Exercise goal:
Your reply should reproduce each entry exactly and contain no pictures.

Supplied records:

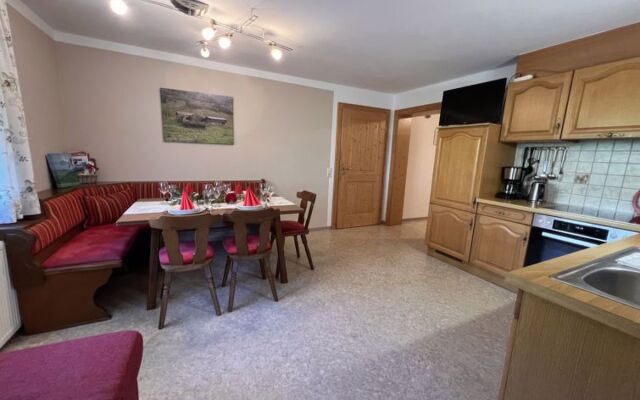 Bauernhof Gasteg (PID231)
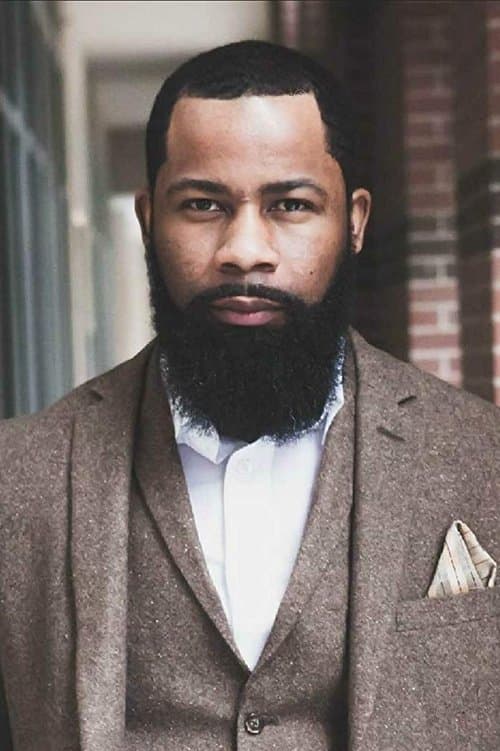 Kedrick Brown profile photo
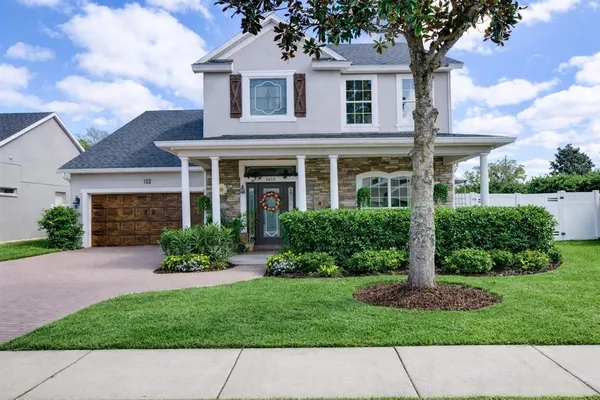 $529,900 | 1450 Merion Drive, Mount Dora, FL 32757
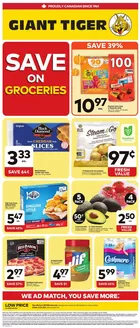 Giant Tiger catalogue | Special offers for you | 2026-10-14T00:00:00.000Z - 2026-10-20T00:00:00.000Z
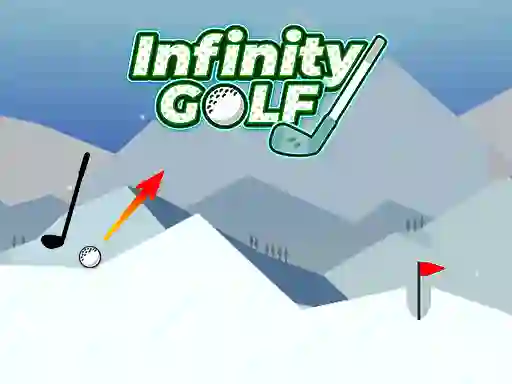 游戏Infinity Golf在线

Answer to this exercise:
 Bauernhof Gasteg (PID231)
 Kedrick Brown profile photo
 $529,900 | 1450 Merion Drive, Mount Dora, FL 32757
 Giant Tiger catalogue | Special offers for you | 2026-10-14T00:00:00.000Z - 2026-10-20T00:00:00.000Z
 游戏Infinity Golf在线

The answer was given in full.